◆ What you are asked to do
Repeat nothing but the lines below running from the one containing "MOBILE SERVICE CARTS" to the one containing "Black Pet Adjustable". Keep both end lines.

◆ Entries supplied
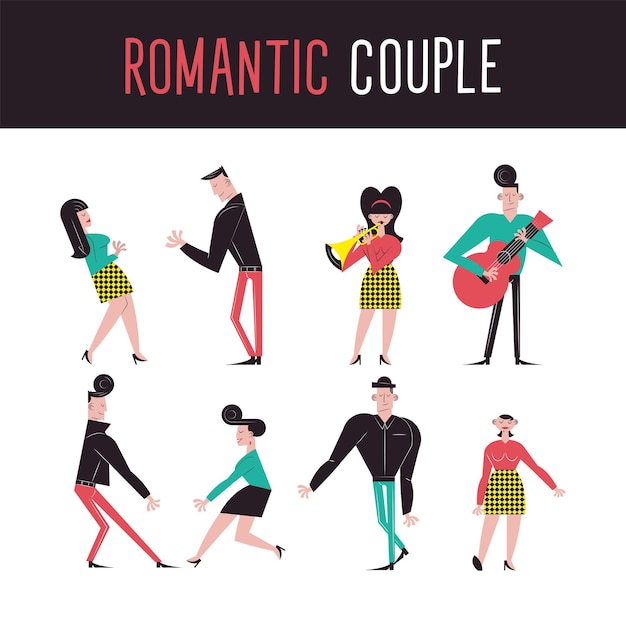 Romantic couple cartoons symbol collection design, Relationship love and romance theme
* * *
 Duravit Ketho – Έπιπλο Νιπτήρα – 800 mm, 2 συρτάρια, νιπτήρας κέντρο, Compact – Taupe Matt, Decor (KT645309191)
--
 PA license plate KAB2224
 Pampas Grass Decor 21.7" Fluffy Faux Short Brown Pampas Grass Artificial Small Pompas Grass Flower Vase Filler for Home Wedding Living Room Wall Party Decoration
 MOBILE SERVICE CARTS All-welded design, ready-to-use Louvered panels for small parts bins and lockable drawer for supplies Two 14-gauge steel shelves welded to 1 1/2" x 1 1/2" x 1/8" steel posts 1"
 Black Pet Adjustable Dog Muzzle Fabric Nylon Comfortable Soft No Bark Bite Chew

◆ Answer to the problem
 MOBILE SERVICE CARTS All-welded design, ready-to-use Louvered panels for small parts bins and lockable drawer for supplies Two 14-gauge steel shelves welded to 1 1/2" x 1 1/2" x 1/8" steel posts 1"
 Black Pet Adjustable Dog Muzzle Fabric Nylon Comfortable Soft No Bark Bite Chew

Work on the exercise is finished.